Pressure is mounting on the PM to appoint a hands-on finance minister. His top candidates—Montek and former RBI governor C. Rangarajan—are being opposed within Congress circles. With general elections barely five months away, the party wants a political heavyweight. That is a tall order, as a serious contender would balk at the short tenure. While various names are doing the rounds—it’s still unclear if we will have a standalone FM soon. For the moment, Parliament has been informed that Chidambaram will assist the PM to steer the finance ministry.
This ad-hoc approach has not gone down well. Underlining the urgency, former RBI governor Bimal Jalan says, "This is a shifting, violent situation and nobody knows the depths of the crisis yet...this is the time to watch out and keep thinking on your feet." The situation on the ground indicates the finance ministry would need to be more proactive as it has had to step in once again to "persuade" wary banks to ease lending rates.
Moreover, policy planners acknowledge that more steps may be required to boost business confidence, create consumer demand to put the economy back on track and shore up dwindling foreign investments. Suresh D. Tendulkar, chairman of the economic advisory council to the PM, feels the next step will come once the banking sector and industry respond to the "psychological stimulus" announced. "We cannot let the fiscal situation go haywire. Industry will always find everything inadequate."

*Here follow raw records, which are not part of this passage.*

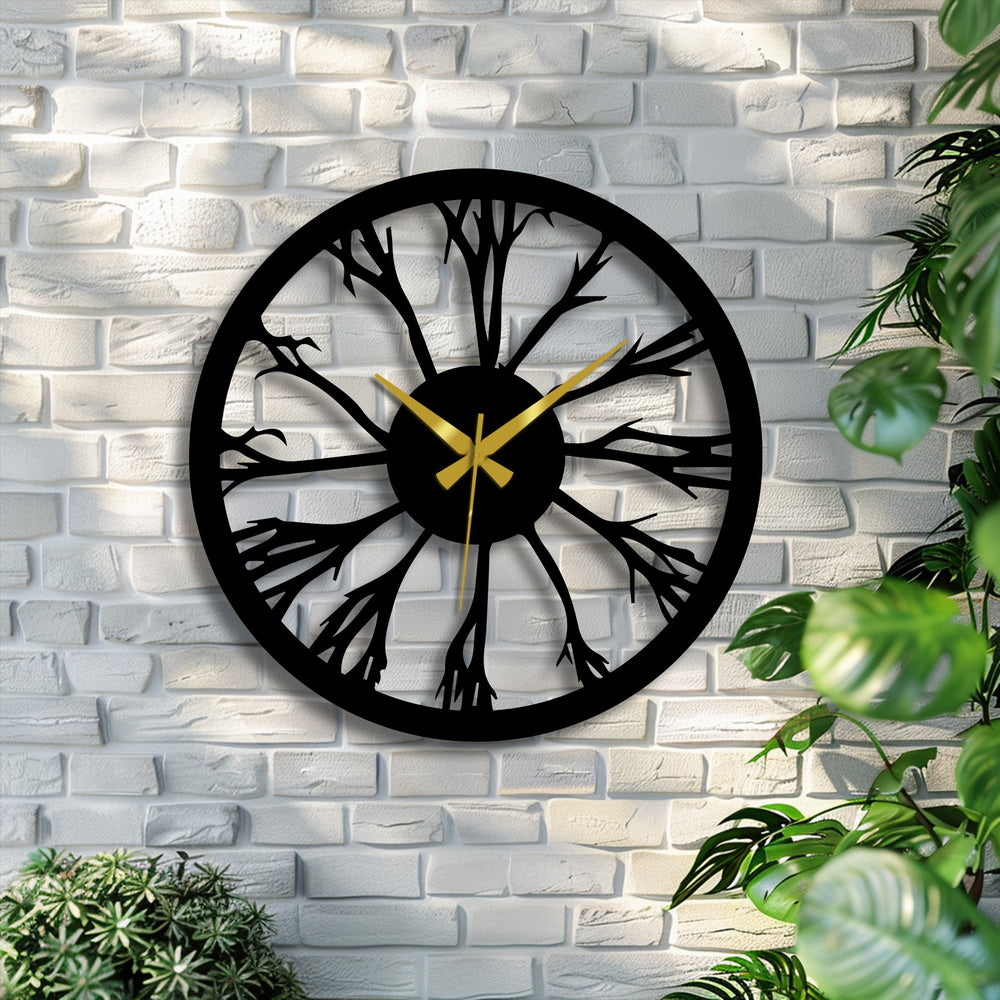 Sunlight casts striking light and shadow patterns around the tree silhouette nature metal wall clock, a unique metal wall art piece on a textured brick wall.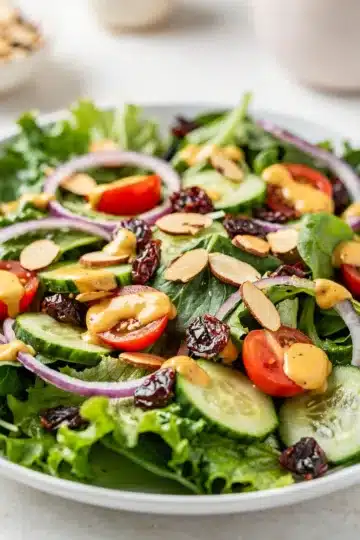 Spring Mix Salad with Honey Mustard Dressing 12 Fresh spring mix salad with creamy honey mustard dressing and colorful toppings.
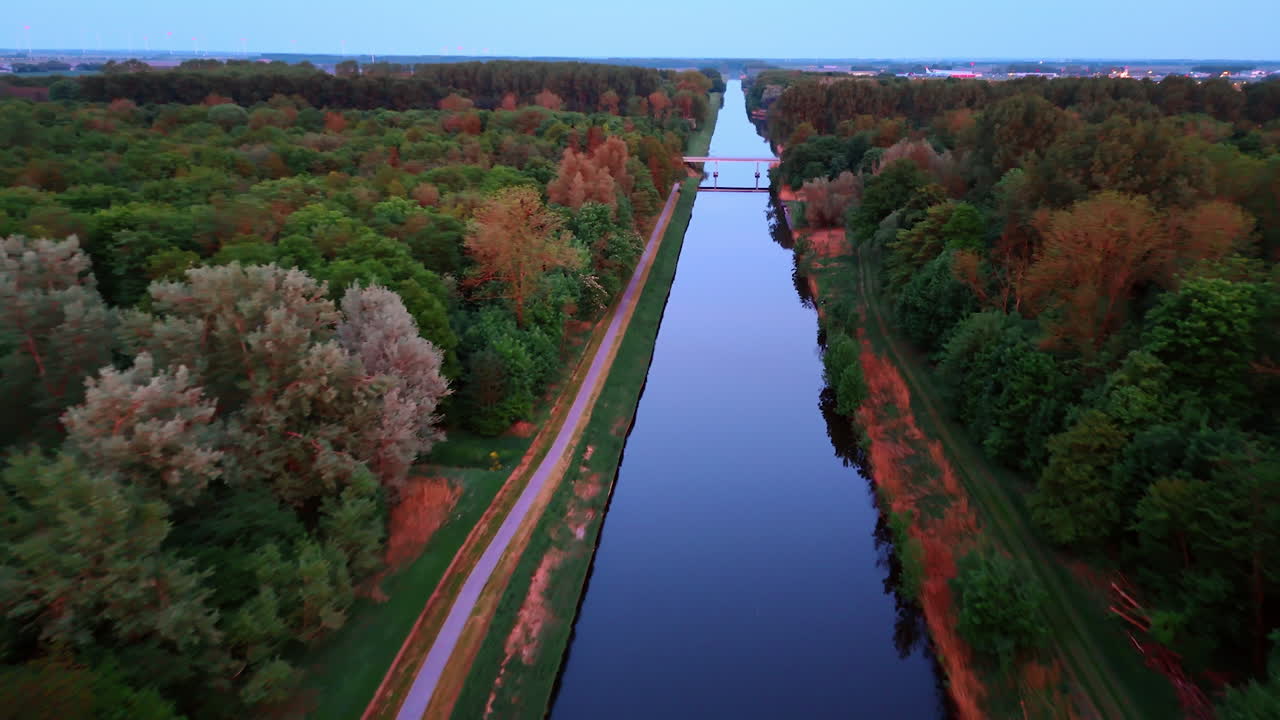 Sunset over the calm canal. A tranquil canal stretches through lush greenery during sunset, reflecting warm hues in the calm water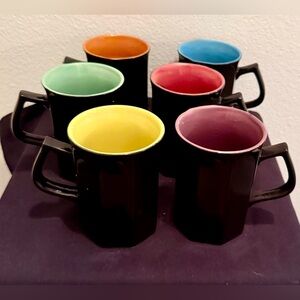 6 Black octagonal mugs with different colors. 4.5”H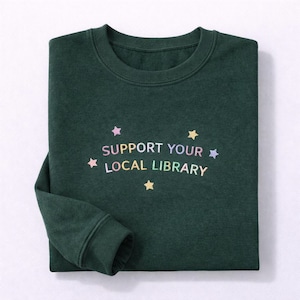 May include: Dark green sweatshirt featuring the text "SUPPORT YOUR LOCAL LIBRARY" in pastel colours. The text is surrounded by small star graphics. The sweatshirt has a crew neck and long sleeves.
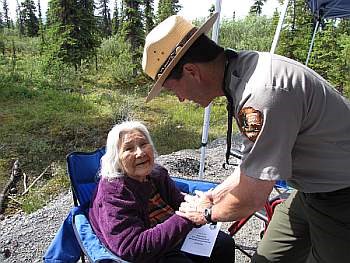 A park ranger shakes hands with an elderly woman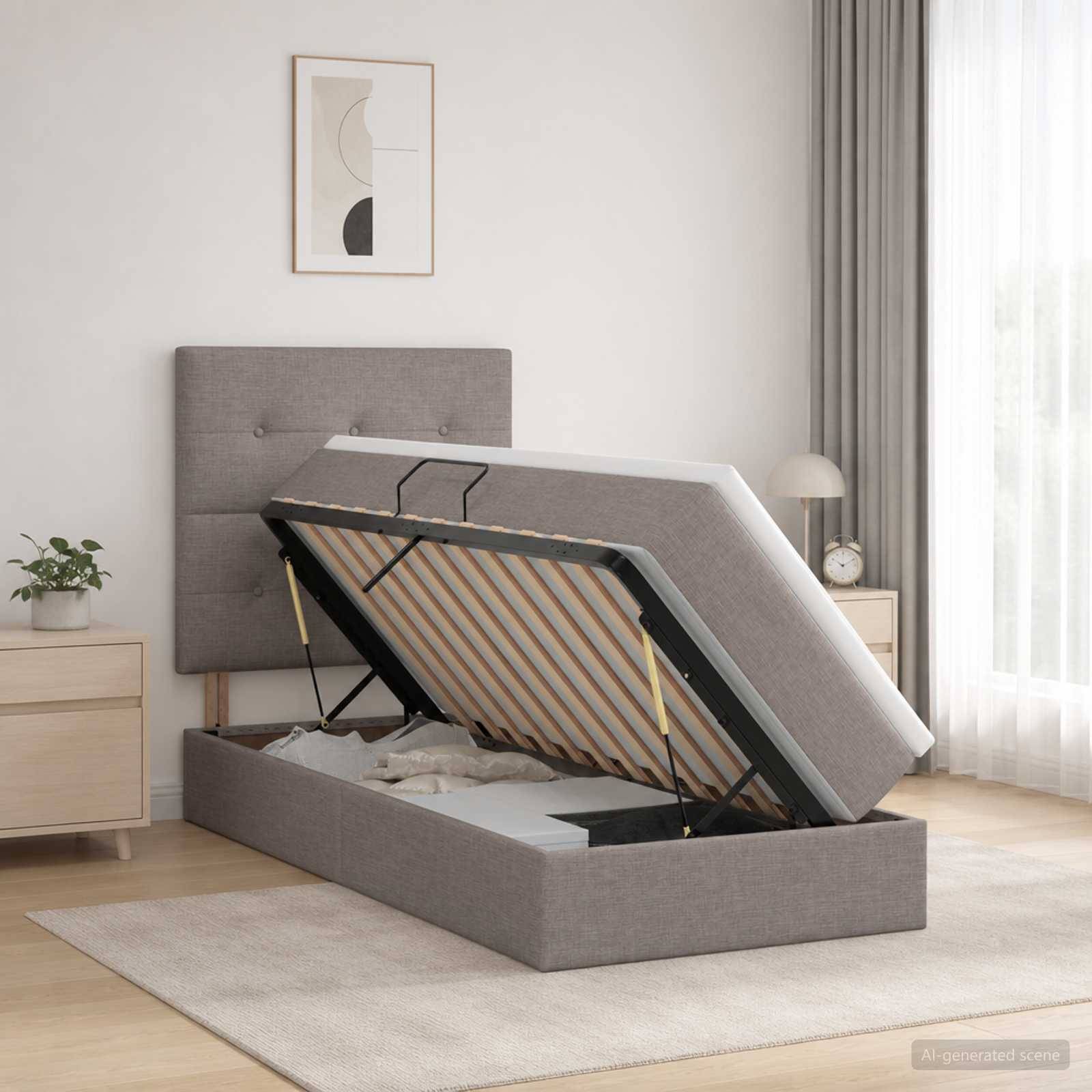 Grau gepolstertes Ottomane-Bett mit aufgeklappter Matratze, die Stauraum in einem hellen modernen Schlafzimmer zeigt.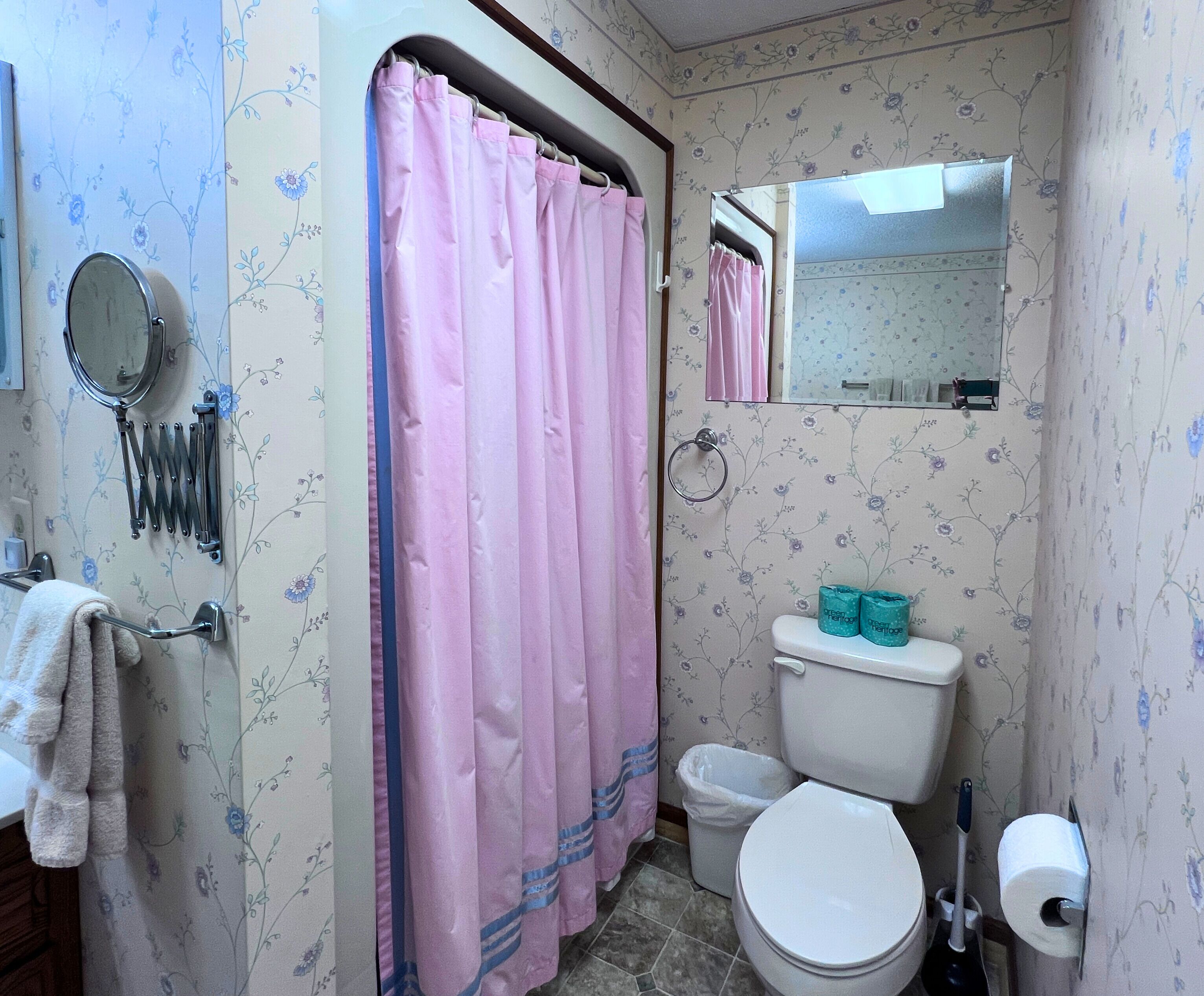 A bathroom with a pink shower curtain, a toilet, a bidet, a mirror, and a towel rack.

The measures will only have an impact after several weeks, if not months. Take infrastructure, now on the fast track. Though over a dozen projects in the roads sector have been approved by the cabinet, it would take at least a few months before the funds are tied up and project implementation can begin. "The stimulus package is not instant coffee. There’s always gestation time. The downturn will continue for some months till the money flow begins. The package, meanwhile, will help create expectation and infuse confidence," states Gajendra Haldea, advisor, Planning Commission.
For the time being, all efforts are on to ensure funding from agencies like the World Bank does not dry up due to improper implementation of projects. Haldea also says that if there is a demand, the government will provide more infrastructure stimulus packages.
More relief is also around the corner, particularly for labour-intensive sectors, promises commerce secretary Gopal K. Pillai. "A few more steps like direct relief to the housing sector through easier loans are in the pipeline. In the case of non-banking financial companies (NBFCS) which are still choked, a plan to ease ECB (external commercial borrowing) to help them recapitalise may be coming soon," says Pillai. Part of the package is already directed at easing the credit line to NBFCS and small and medium enterprises.
There are indeed grave issues that need to be tackled quickly. With the fiscal deficit expected to touch 10 per cent of GDP, the government lacks the funds to go in for a major infusion. Meanwhile, industry remains downbeat, as access to funds, including those from overseas, is not easy. Instead of aggressively pushing growth—particularly in the sme sector, which accounts for the bulk of India’s manufacturing and exports—Yes Bank chief economist Subhadha Rao points out, "the policy focus has shifted to sector-specific needs since October".
The fear, of course, is further job losses if the economy slows down even more. Despite government efforts to rubbish such reports, they may well come true. That won’t help matters in an election year.